La puta se acerca un poco más. No lleva sombrero, y ahora Raposo puede verla un poco mejor. Parece joven. Huele a sudor y a vino mezclados con un perfume violento y barato. A hombres que esta misma noche ya pasaron por ahí.

—Me lo puede hacer por detrás si lo prefiere, señor.

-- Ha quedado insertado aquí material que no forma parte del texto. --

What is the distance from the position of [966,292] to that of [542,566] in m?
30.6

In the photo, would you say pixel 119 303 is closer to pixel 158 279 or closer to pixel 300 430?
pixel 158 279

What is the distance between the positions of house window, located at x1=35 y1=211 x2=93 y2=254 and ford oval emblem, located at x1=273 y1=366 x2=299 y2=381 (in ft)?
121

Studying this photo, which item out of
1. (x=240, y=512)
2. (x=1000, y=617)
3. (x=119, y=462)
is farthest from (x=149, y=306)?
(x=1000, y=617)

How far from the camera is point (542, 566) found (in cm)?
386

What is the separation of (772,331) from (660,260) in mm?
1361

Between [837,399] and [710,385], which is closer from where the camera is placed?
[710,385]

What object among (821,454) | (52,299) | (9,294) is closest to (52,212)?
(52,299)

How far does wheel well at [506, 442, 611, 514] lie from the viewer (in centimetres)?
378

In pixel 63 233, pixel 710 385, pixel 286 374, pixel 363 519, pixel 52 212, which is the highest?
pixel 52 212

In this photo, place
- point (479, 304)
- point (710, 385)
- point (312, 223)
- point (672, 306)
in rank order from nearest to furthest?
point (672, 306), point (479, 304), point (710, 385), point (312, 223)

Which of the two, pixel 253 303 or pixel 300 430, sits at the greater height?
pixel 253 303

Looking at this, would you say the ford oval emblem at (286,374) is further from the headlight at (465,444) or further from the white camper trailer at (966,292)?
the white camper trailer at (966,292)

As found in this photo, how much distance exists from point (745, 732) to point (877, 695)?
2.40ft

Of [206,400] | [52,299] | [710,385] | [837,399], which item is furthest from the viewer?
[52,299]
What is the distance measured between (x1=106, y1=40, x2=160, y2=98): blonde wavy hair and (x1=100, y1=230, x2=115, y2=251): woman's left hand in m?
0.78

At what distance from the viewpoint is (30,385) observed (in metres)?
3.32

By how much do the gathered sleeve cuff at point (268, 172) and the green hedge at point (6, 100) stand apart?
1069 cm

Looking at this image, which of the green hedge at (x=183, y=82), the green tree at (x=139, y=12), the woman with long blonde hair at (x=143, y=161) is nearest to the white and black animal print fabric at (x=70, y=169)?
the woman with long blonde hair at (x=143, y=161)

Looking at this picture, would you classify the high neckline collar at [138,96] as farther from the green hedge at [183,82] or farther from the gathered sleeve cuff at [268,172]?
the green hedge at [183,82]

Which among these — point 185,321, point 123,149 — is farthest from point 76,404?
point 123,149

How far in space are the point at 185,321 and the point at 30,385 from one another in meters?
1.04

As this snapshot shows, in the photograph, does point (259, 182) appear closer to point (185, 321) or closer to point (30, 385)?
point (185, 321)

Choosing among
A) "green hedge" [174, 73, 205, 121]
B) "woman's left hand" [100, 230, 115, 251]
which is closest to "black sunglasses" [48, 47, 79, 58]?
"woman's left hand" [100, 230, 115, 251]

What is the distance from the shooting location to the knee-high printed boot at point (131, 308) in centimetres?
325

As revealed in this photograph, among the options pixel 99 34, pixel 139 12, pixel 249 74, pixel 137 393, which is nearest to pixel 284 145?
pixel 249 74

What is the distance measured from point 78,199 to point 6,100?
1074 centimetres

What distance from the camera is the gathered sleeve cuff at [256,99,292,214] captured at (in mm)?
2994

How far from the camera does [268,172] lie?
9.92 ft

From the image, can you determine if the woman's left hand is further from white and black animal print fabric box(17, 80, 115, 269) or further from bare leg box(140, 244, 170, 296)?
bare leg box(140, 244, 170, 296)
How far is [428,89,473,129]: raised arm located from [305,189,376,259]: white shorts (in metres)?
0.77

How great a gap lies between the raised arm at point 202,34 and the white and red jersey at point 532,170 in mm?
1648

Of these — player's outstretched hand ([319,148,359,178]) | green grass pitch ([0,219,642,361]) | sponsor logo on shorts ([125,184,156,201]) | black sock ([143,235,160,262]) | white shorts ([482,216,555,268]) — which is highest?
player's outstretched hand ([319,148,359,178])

—Sin vaina de protección, me da igual por detrás que por delante.

—¿Y con la boca?

Lo piensa un momento Raposo. Con cierto interés. Teniendo en cuenta que no es ésa una variedad del asunto que practiquen las putas españolas —son más de misa y rosario, y sus confesores lo prohíben—, la propuesta parece tentadora. Pero al fin menea la cabeza.

—No, déjalo.

—Tres francos.

—Te he dicho que no.

Mientras se aleja, escucha a la mujer insultarlo en voz baja. Salaud de merde, dice, o algo parecido. El tono vale para cualquier idioma. Y algo más allá, abierto el capote, Raposo alivia la vejiga orinando sobre un montón de ladrillos rotos, en un callejón corto y estrecho cuyas sombras, atenuadas por un ápice de luna creciente que en ese momento penetra entre dos aleros, permiten distinguir montones de basura; y también, en el instante en que Raposo se abotona el calzón, los ojos rojizos, brillantes y malignos de una rata que lo observa. Aquélla es casi tan grande como un gato, y está inmóvil, mirándolo con fijeza, replegada en sí misma mientras espera pasar inadvertida. Raposo la contempla un momento, y después se agacha despacio para coger uno de los trozos de ladrillo. La rata parece adivinar la intención, pues emite un chillido de miedo y amenaza que hace sonreír, cruel, al hombre que la observa alzando la mano con el ladrillo. Una rata acorralada en un callejón, entre basura. Perfecta imagen del mundo, piensa Raposo mientras le arroja el trozo de ladrillo.